Le monde de Real, dans sa première partie, ressemble beaucoup à celui que voit Theodor dans Her de Spike Jonze: l'appartement que partagent Koichi et Atsumi est neutre, ses couleurs sont ternes, ses meubles sont froids et impersonnels, il est impossible de croire qu'on puisse y vivre. Il n'y a aucune différence visible entre le monde mental visité par Koichi durant les séances de contact et le monde présenté comme réel : les gratte-ciels de Tokyo, reconstitués numériquement, apparaissent toujours au loin, dans une lumière jaunâtre, les fantômes sont des images tombées des albums d'Atsumi. Rien ne vit : ni les fantômes, ni les décors, ni les personnages, tout est à l'image de la description que donne Atsumi des « zombies philosophiques » : ce sont de « pures apparences » et « il n'y a rien à l'intérieur ». Les images du film semblent dormir, elles flottent tellement qu'elles paraissent à tout moment sur le point de s'évaporer, comme ces buildings qui se décolorent sous les yeux de Koichi, avant de disparaître. A l'image aussi de cette étreinte impossible, qui rappelle une des dernières scènes de Shutter Island, celle où le corps de Michelle Williams se consume et tombe en cendres dans les bras de Leonardo DiCaprio. Real, dans sa première partie, n'est même pas un film de fantômes, c'est un film dans le coma.

Kurosawa explique qu'en manipulant les images virtuelles (ce que le budget de son film permettait), il a ressenti « les limites de son imagination » (Cahiers, n°699). Koichi sent en lui les mêmes limites : il est impossible de se réveiller dans un monde endormi, les moments d'éveil ont beau se répéter (Koichi se réveille quatre fois), le coma est plus fort que lui, le coma a fait son travail, anéantissant ce qui était si précieux dans le film d'Almodovar : la parole. Dans la première partie de Real, la parole ne sert à rien, elle est aussi morte que les personnages : pendant que Koichi lui parle, Atsumi dessine de dos, devant une ville qui n'existe pas. Et Atsumi dessine des images de morts qui s'incrustent dans le décor sinistre de l'appartement.

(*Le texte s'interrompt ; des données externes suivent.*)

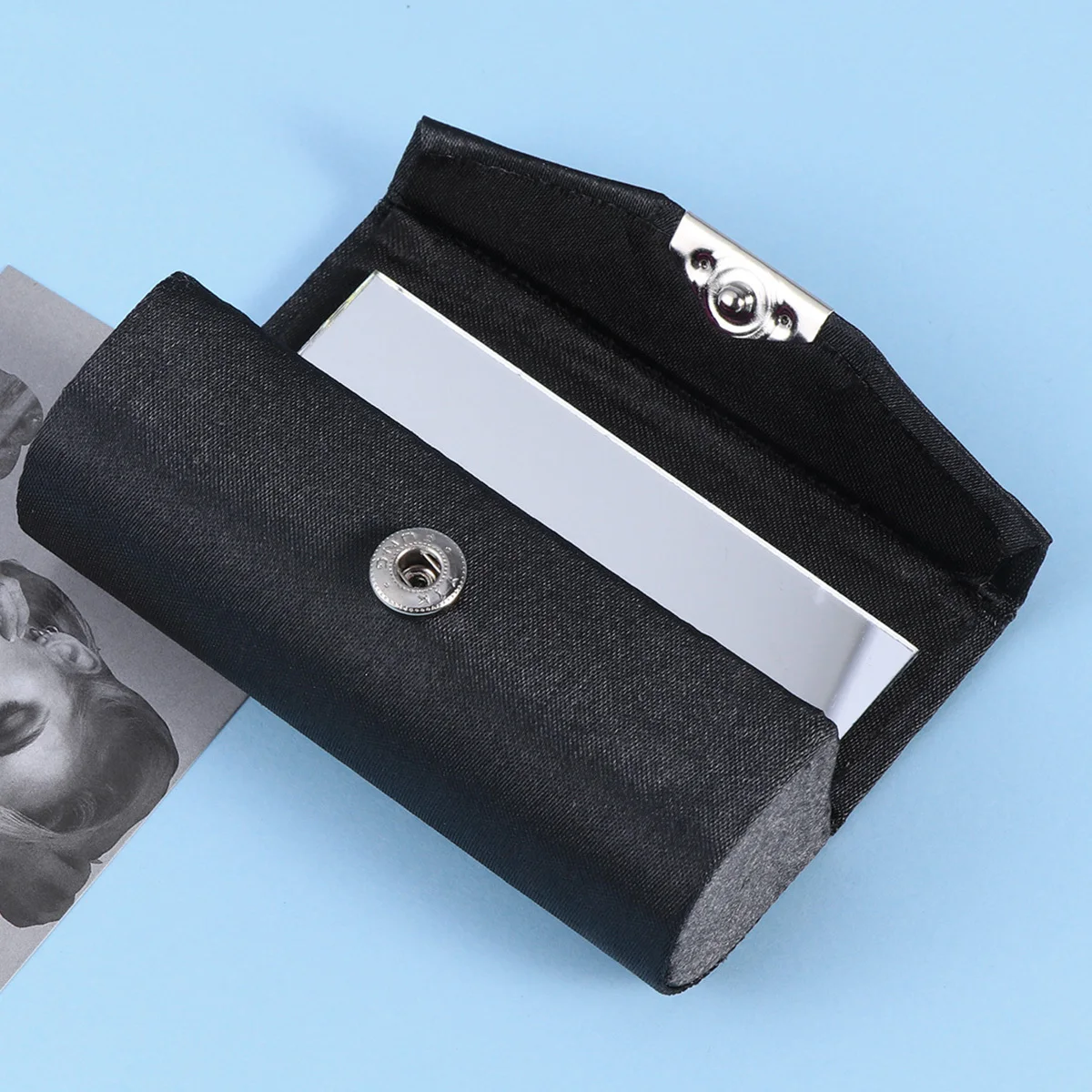 

Makeup Lipstick Holder Case Lightweight Drop-Proof Organizer Bag with Interior Mirror Portable Storage Solution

Mais Kurosawa croit en son histoire et il nous l'a dit depuis le premier plan, celui où, dans cet appartement si triste, Koichi et Atsumi se promettent d'être toujours ensemble. Par l'inversion de rôles qui coupe le flm en deux (c'est Eurydice qui va sauver Orphée), Real sort tout à coup de son coma et retrouve, par des scènes très simples, la puissance de la parole : « Je suis contente de t'avoir revu. Tu vas aller mieux, je le sais », dit Atsumi à Koichi. Là réside la véritable promesse qui va unir les personnages, promesse qui redouble le pacte établi par le premier plan (être toujours ensemble). Le film surprend alors par l'immense effort de croyance qu'il exige de son spectateur : il nous demande de croire à une vieille histoire d'enfant mort qui demande réparation, il nous demande de croire que les séances de contact peuvent continuer alors que Koichi est mort, il nous demande de croire à l'apparition d'un plésiosaure susceptible d'éprouver des émotions humaines. Jusqu'au moment où Koichi ouvre les yeux : la lumière est vive, le ciel dégagé. Cette fin, aussi naïve que miraculeuse, m'évoque l'esprit de certains films de Spielberg, notamment Rencontres du troisième type. Et pour dire ce qu'elle me fait éprouver, je ne peux que citer ces lignes de Pierre Trividic « Et puis la chose arrive. Le vaisseau extraterrestre répond, dans une variation orchestrale grandiose. Si fort que les vitres explosent aux façades des installations […]. Pour une fois, la route conduit quelque part. Parce qu'il y a quelque chose plutôt que rien. Parce que la question trouve sa réponse. Pour une fois, vous appelez et l'on vous répond. » (Les Cahiers du cinéma, n°700).